## Task instructions
Nothing beyond the line containing "Kingston Technology DataTraveler" is to be printed; print exactly each line from the start of the records below through that line, leaving out pictures.

## Data for this task

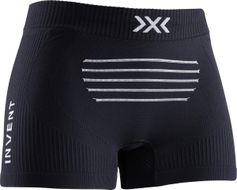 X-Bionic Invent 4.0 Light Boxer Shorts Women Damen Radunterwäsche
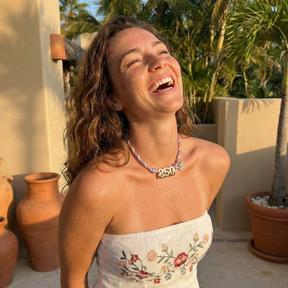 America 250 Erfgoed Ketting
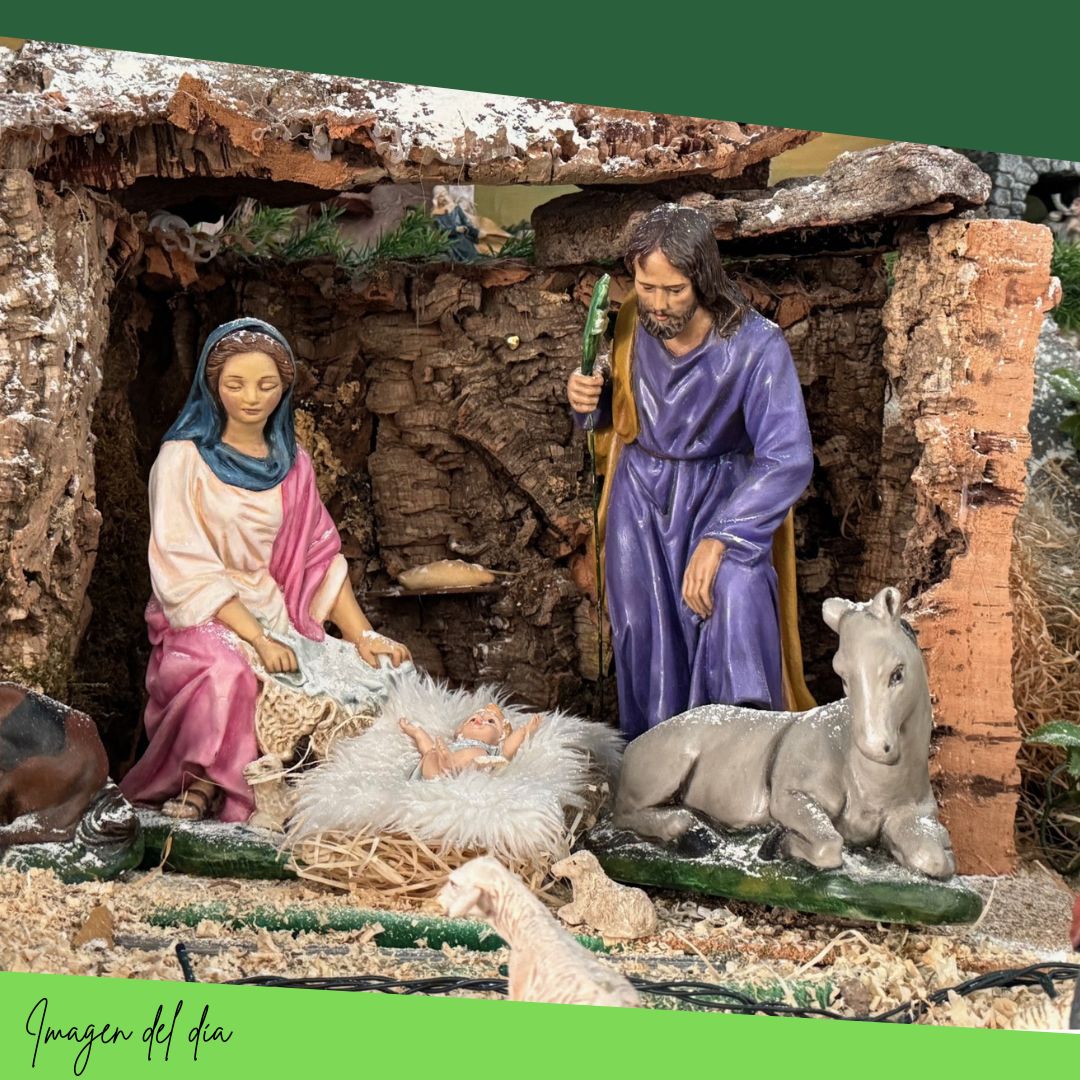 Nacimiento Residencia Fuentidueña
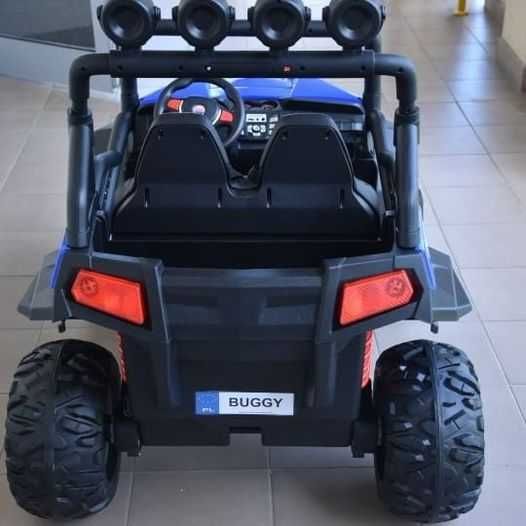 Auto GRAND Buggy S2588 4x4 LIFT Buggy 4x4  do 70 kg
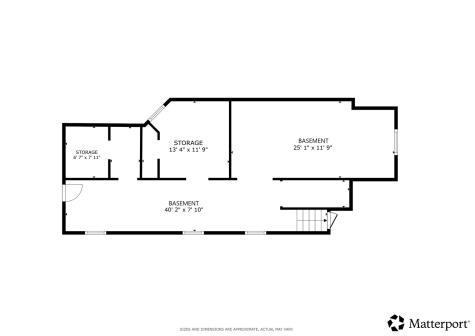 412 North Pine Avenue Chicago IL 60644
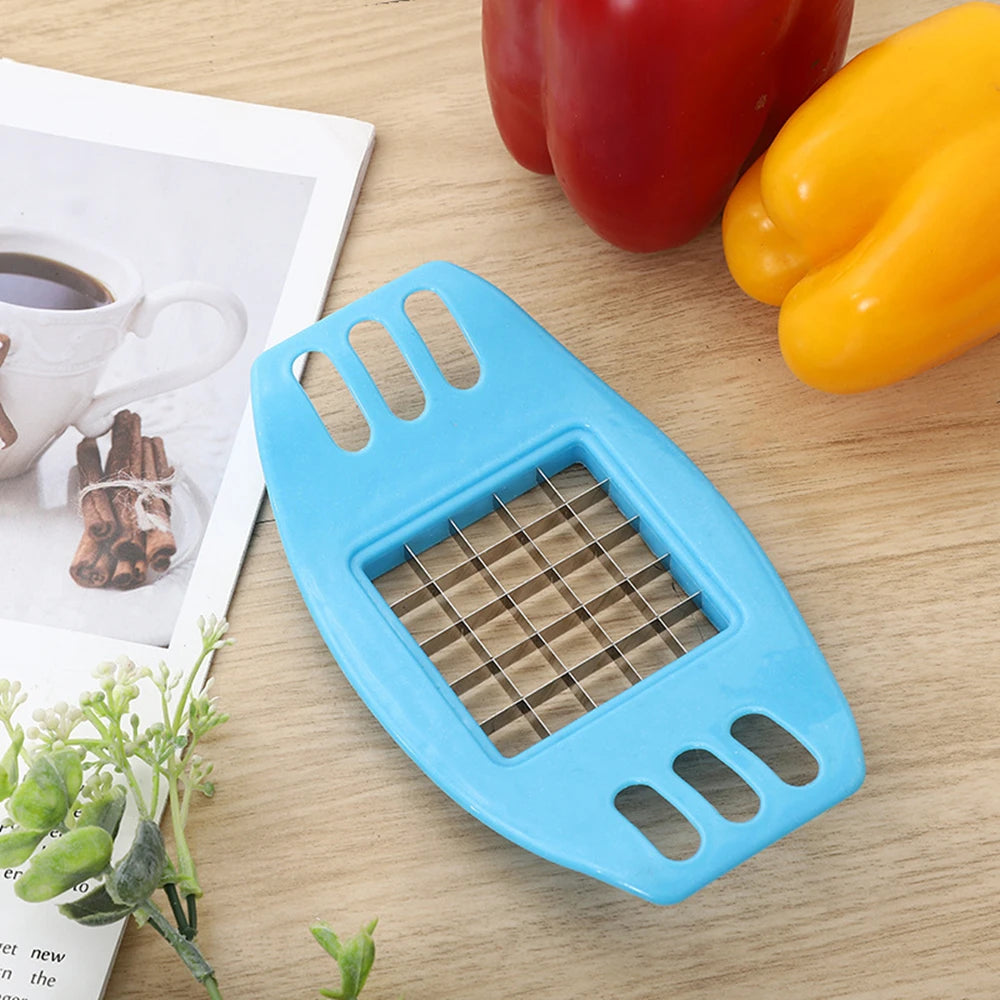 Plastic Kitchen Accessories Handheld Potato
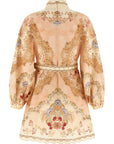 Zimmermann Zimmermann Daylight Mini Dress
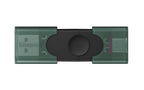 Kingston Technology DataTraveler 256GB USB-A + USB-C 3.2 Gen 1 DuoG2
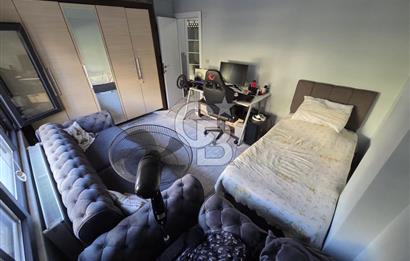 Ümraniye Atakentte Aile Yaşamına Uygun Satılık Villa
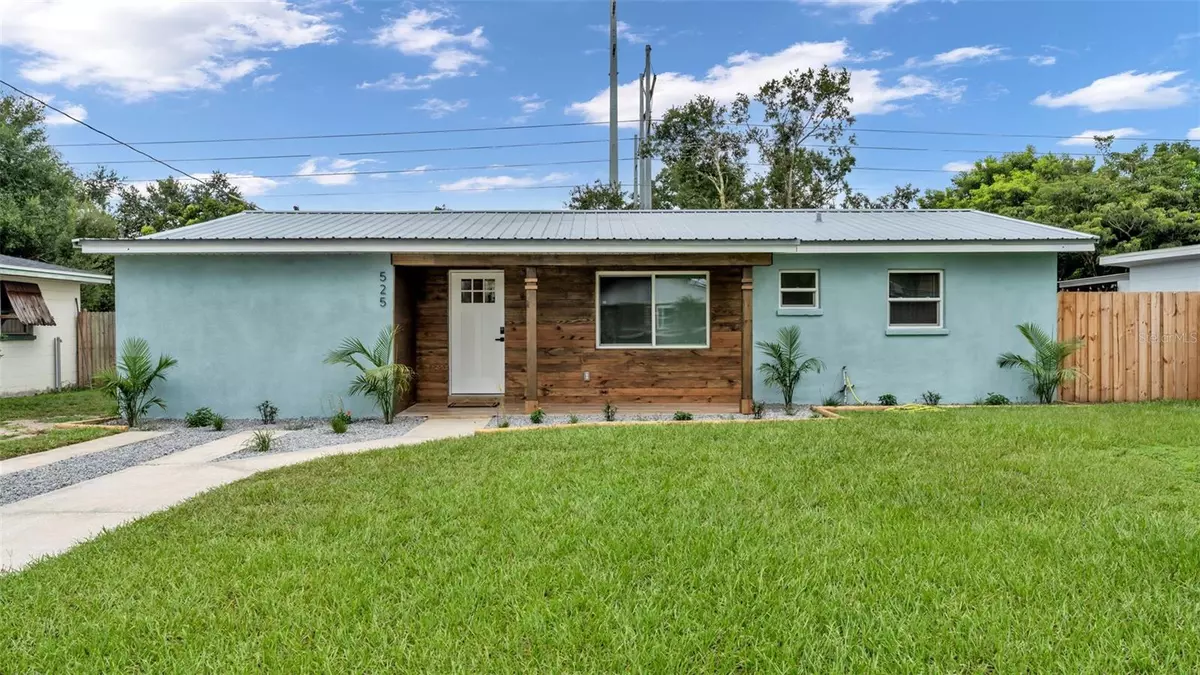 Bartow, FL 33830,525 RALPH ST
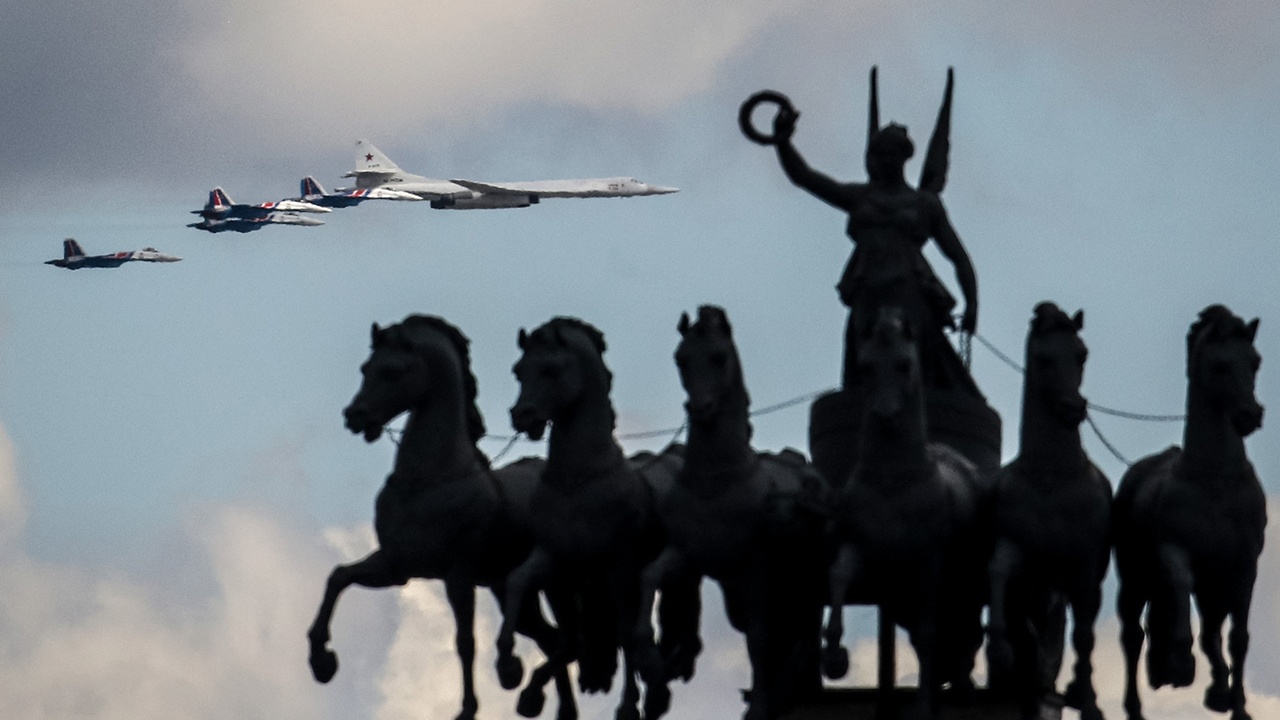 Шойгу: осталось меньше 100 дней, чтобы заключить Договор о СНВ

## Exercise response
 X-Bionic Invent 4.0 Light Boxer Shorts Women Damen Radunterwäsche
 America 250 Erfgoed Ketting
 Nacimiento Residencia Fuentidueña
 Auto GRAND Buggy S2588 4x4 LIFT Buggy 4x4  do 70 kg
 412 North Pine Avenue Chicago IL 60644
 Plastic Kitchen Accessories Handheld Potato
 Zimmermann Zimmermann Daylight Mini Dress
 Kingston Technology DataTraveler 256GB USB-A + USB-C 3.2 Gen 1 DuoG2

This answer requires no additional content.